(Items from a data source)

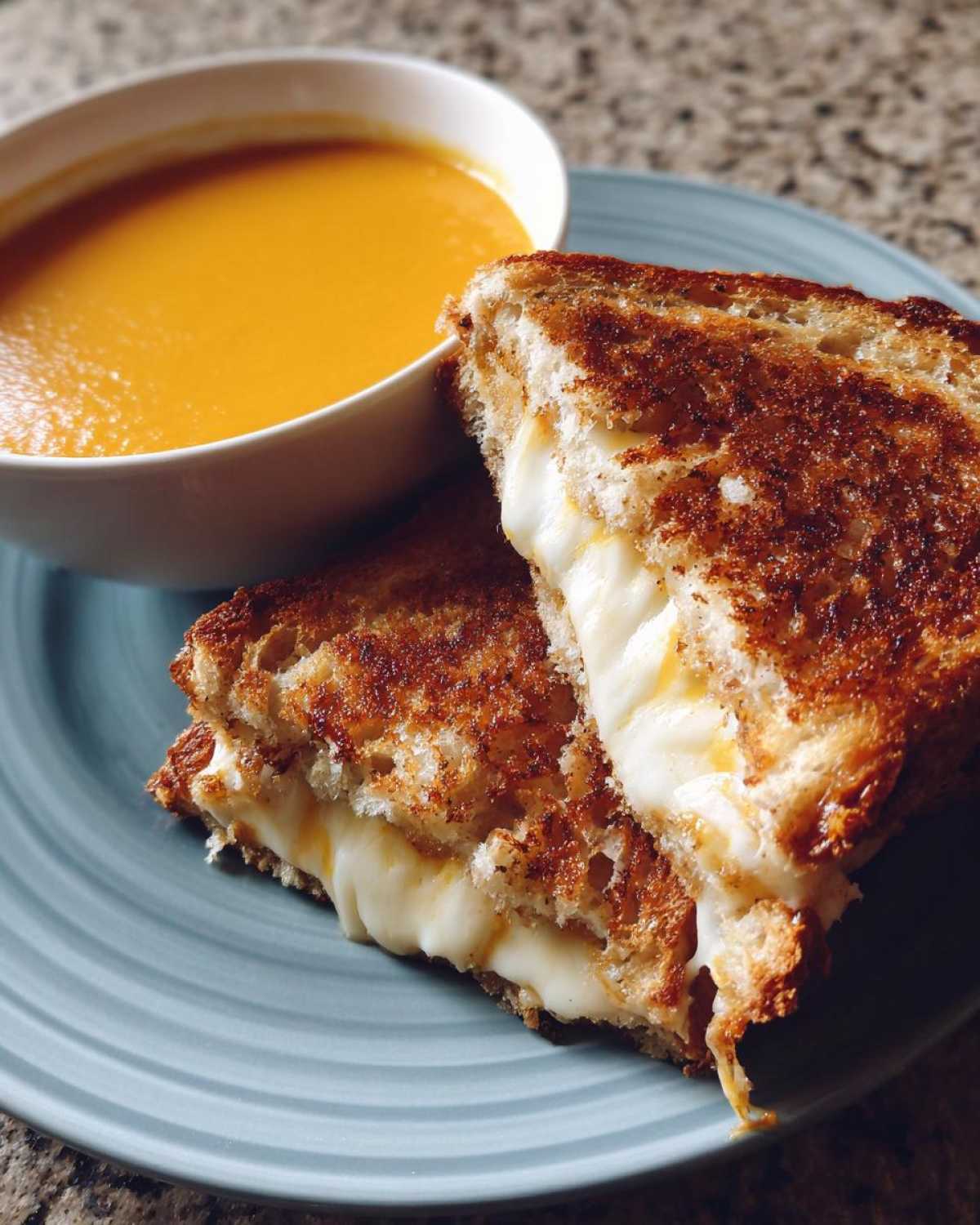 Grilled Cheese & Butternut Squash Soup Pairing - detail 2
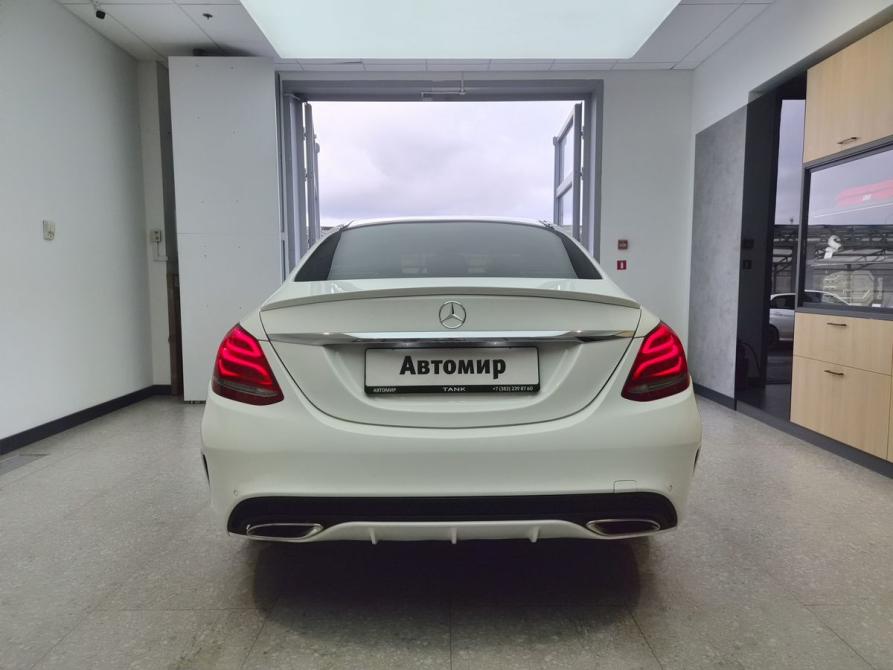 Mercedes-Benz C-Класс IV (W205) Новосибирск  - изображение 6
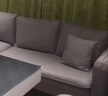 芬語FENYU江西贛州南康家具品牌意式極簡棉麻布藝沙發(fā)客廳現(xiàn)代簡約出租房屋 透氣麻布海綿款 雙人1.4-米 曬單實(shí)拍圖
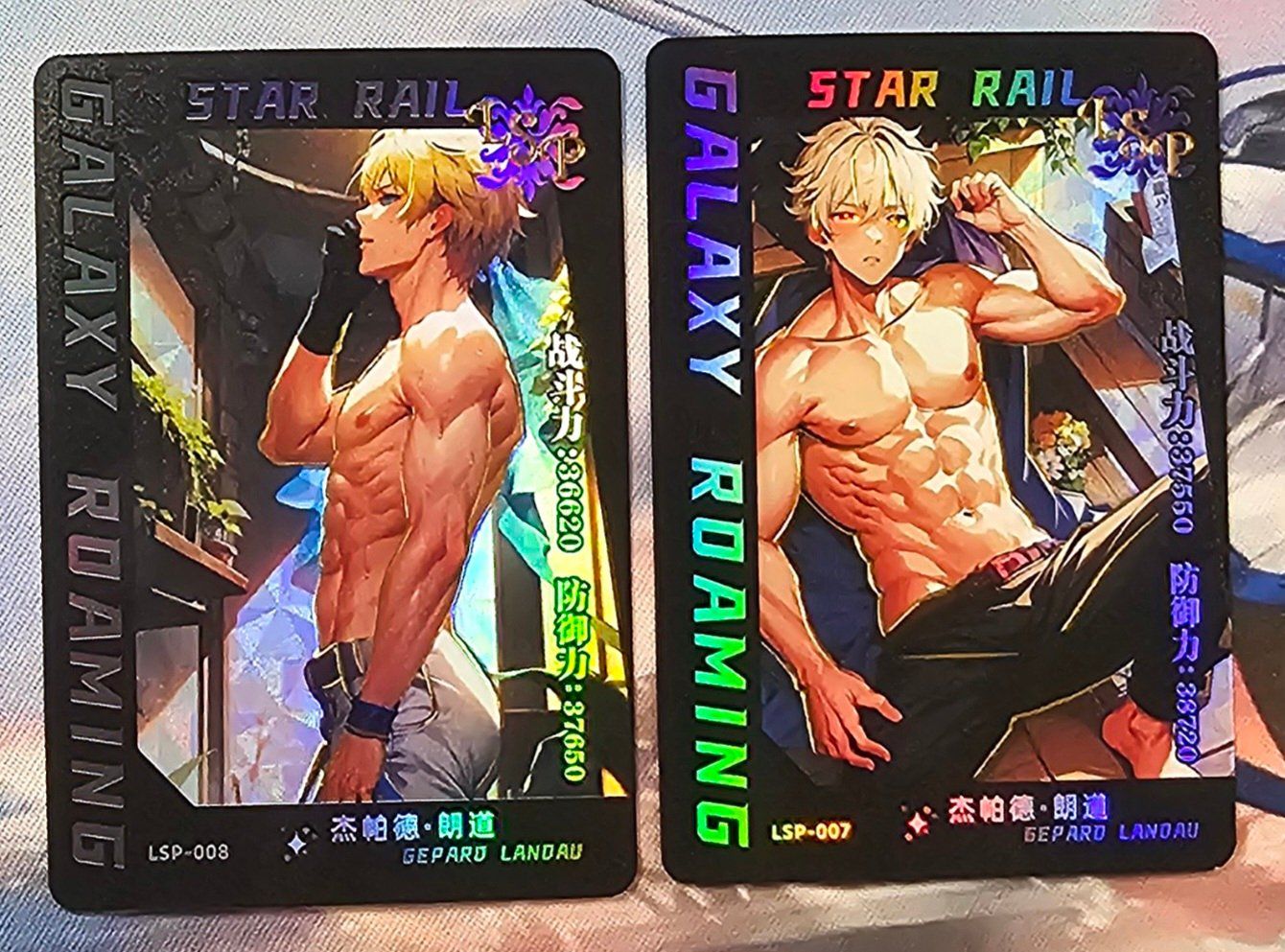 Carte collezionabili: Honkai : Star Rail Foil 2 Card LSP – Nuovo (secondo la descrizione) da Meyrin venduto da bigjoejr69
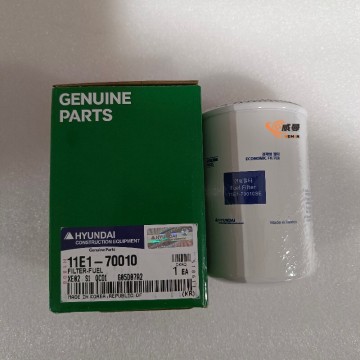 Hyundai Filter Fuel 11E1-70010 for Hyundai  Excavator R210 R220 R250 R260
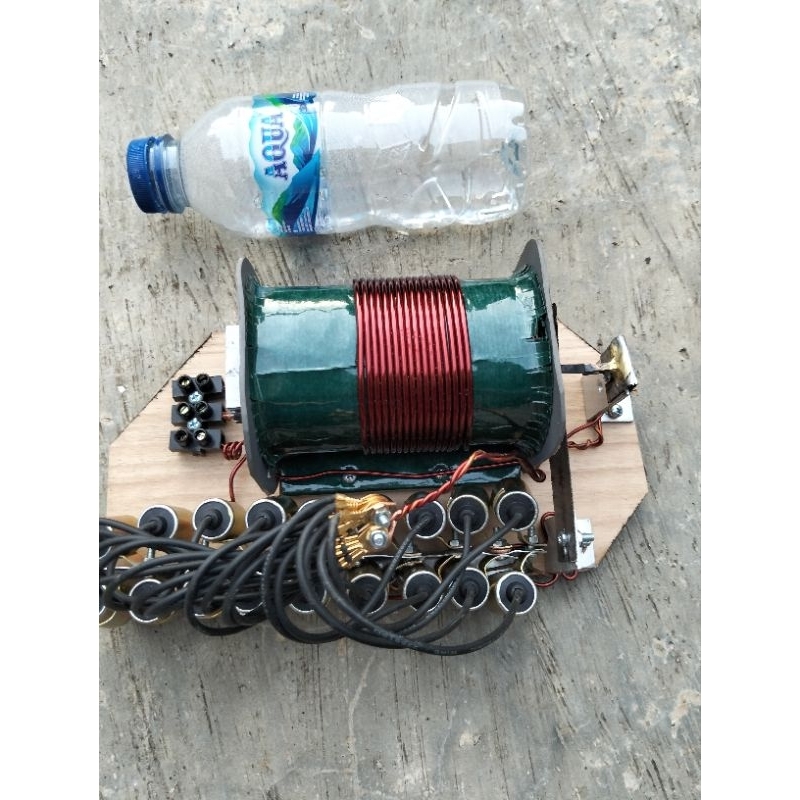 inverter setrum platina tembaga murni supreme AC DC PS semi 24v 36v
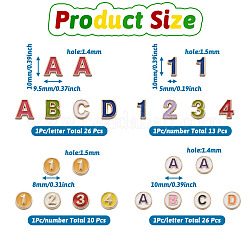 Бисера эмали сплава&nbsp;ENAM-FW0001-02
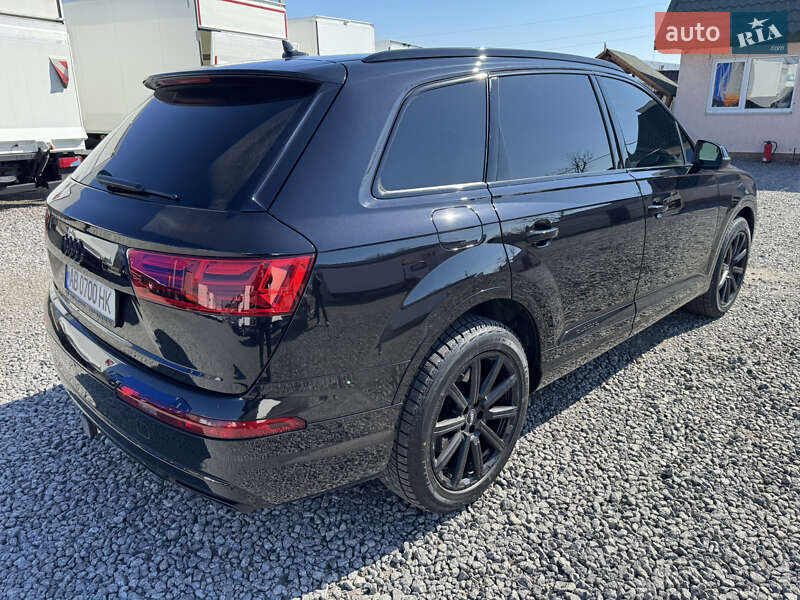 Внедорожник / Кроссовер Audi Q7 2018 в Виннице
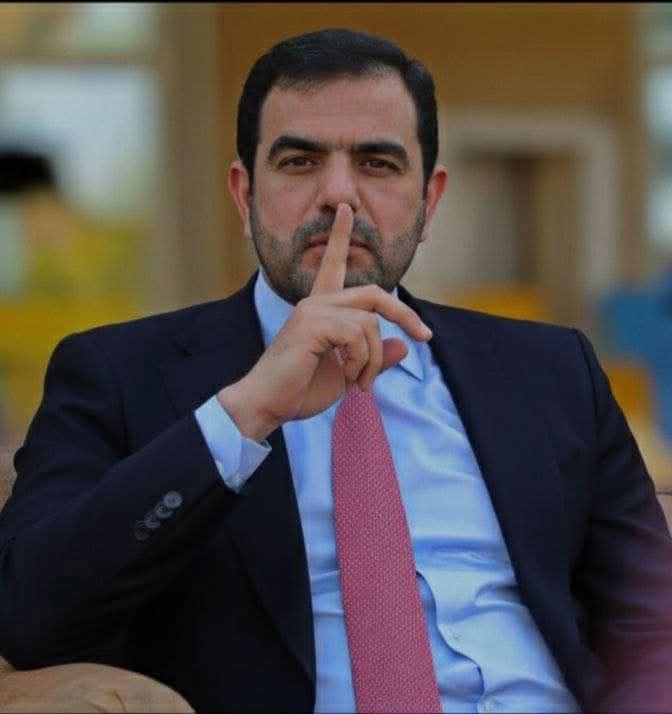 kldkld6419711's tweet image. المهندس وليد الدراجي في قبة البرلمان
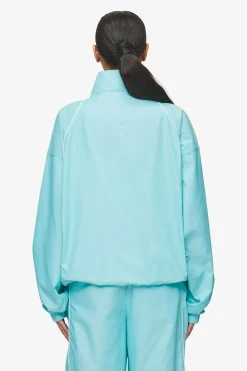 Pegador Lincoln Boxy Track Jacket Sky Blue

EXERCISE GOAL>
Leaving the pictures aside, copy exactly and only the lines from the one holding "inverter setrum platina" through the final line of the data, both ends kept.

WORKED SOLUTION>
 inverter setrum platina tembaga murni supreme AC DC PS semi 24v 36v
 Бисера эмали сплава&nbsp;ENAM-FW0001-02
 Внедорожник / Кроссовер Audi Q7 2018 в Виннице
 kldkld6419711's tweet image. المهندس وليد الدراجي في قبة البرلمان
 Pegador Lincoln Boxy Track Jacket Sky Blue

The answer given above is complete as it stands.